● **What is being asked**:
Nothing but the lines from the one containing "Стульчик для кормления Peg-perego Tatamia Follow M Стульчик" through the last line of the records below should be copied, exactly and without pictures.

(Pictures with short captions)

· · ·

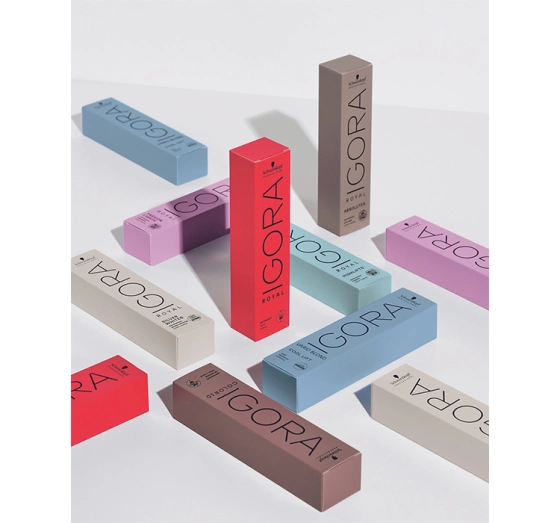 Kliknij na zdjęcie, aby je powiększyć SCHWARZKOPF IGORA ROYAL HAARFARBE 9,5-4 60ML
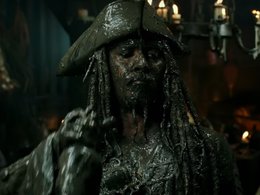 Джонни Депп в новой части "Пиратов Карибского моря"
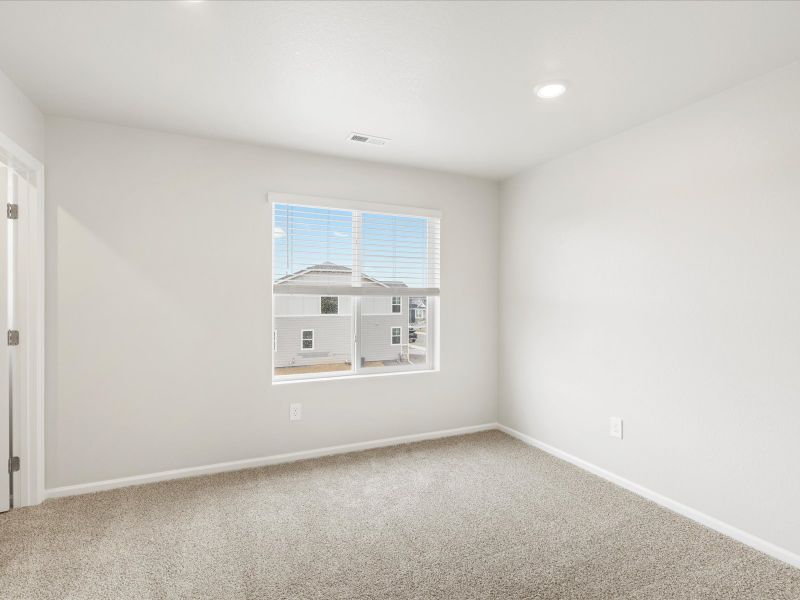 Spacious, unfurnished interior of a new home in Revere at Johnstown, Johnstown (Image 17).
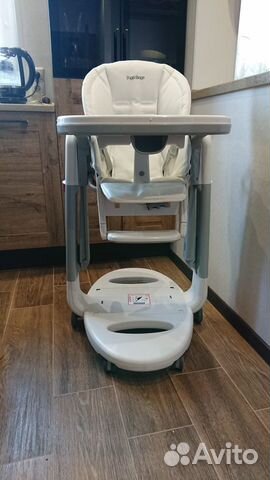 Стульчик для кормления Peg-perego Tatamia Follow M Стульчик для кормления Peg-perego Tatamia Follow M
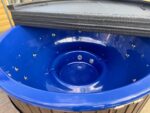 Stiklašķiedras kubls ar ārējo krāsni 200 cm pamatkomplektācijā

· · ·

● **Your response**:
 Стульчик для кормления Peg-perego Tatamia Follow M Стульчик для кормления Peg-perego Tatamia Follow M
 Stiklašķiedras kubls ar ārējo krāsni 200 cm pamatkomplektācijā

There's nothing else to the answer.